AI won't actually steal your job - Here's why.
Is AI really causing people to lose their jobs? This article analyzes the impact of AI on the labor market and the more important question: who benefits from the productivity boost that AI creates?
Concerns about AI are everywhere. You may have thought your job could be replaced by artificial intelligence. You may have witnessed it happen to a colleague or are struggling to find work in an industry with fewer job openings. Even if your current job is secure, competitive pressure can increase as the number of vacancies decreases, hiring requirements become higher, and workers have less bargaining power than before.
However, there's a thought-provoking perspective: AI itself isn't the real threat. The problem lies in how AI is deployed in an economy where the vast majority of workers have little say in how the benefits of productivity are distributed.
Concerns about AI are entirely justified.
History shows that every technological revolution transforms the labor market. Some jobs disappear, new ones emerge, and society gradually adapts to these changes.
Therefore, many people believe that AI is just a new technology, similar to what happened with computers, the Internet, or automation.
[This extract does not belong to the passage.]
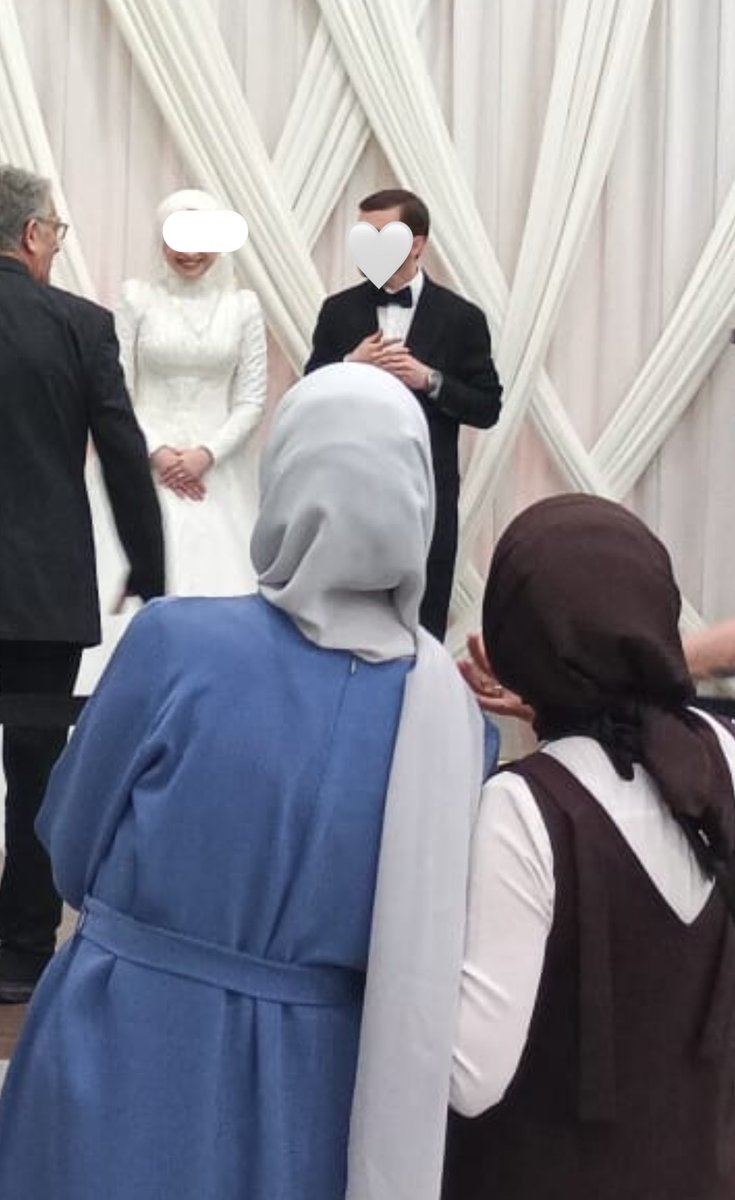 sacar_b's tweet photo. babamlar beni bırakıp dönecekleri için nikahımda ağlamıştım şu iki kız beni güldürmüştü 😭🤍 https://t.co/qqi9hjrcpa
According to this view, some jobs will be replaced, but new career opportunities will also emerge.
However, many experts argue that AI differs in the scale and speed of its impact.
The latest AI agent models are now capable of performing some programming tasks at a level comparable to, or even surpassing, experienced programmers in certain situations. More notably, they are beginning to exhibit characteristics traditionally considered human, such as judgment and a sense of output quality.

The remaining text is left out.